* TASK ITEM *
From the listing below, copy only the lines from the line that contains "JUMPLAWN 10stücke Teiliges" to the line that contains "Griglia anteriore a", counting those two lines as part of the copy.

____

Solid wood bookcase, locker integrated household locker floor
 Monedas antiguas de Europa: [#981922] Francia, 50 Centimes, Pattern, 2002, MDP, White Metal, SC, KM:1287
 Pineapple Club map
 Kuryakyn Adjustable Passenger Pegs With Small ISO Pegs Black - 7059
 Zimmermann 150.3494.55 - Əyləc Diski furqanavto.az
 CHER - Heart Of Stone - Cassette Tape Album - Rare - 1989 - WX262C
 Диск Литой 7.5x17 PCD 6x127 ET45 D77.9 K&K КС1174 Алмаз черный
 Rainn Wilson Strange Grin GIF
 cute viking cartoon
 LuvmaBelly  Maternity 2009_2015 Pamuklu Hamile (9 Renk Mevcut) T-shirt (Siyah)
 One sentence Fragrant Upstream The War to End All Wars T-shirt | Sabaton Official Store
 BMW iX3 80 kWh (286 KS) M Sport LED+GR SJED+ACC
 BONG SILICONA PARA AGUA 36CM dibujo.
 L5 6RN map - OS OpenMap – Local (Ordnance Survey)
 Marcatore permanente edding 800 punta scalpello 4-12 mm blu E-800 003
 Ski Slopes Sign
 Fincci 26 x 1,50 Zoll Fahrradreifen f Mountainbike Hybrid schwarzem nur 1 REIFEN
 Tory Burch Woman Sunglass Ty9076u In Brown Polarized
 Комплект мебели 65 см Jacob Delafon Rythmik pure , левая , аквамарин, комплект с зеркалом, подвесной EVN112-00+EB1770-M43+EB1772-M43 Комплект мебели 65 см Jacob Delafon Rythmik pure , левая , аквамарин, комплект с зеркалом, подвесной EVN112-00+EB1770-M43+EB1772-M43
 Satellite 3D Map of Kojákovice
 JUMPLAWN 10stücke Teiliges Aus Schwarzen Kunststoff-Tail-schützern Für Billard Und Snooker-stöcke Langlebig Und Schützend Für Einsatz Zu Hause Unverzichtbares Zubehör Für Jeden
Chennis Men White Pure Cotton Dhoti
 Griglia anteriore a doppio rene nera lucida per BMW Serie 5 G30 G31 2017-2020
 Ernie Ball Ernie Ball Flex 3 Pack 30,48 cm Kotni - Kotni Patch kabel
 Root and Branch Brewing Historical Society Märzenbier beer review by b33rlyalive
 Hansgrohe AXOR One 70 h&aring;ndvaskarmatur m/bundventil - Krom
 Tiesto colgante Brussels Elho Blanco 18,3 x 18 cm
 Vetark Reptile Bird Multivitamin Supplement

____

* REPLY TO THE TASK *
 JUMPLAWN 10stücke Teiliges Aus Schwarzen Kunststoff-Tail-schützern Für Billard Und Snooker-stöcke Langlebig Und Schützend Für Einsatz Zu Hause Unverzichtbares Zubehör Für Jeden
Chennis Men White Pure Cotton Dhoti
 Griglia anteriore a doppio rene nera lucida per BMW Serie 5 G30 G31 2017-2020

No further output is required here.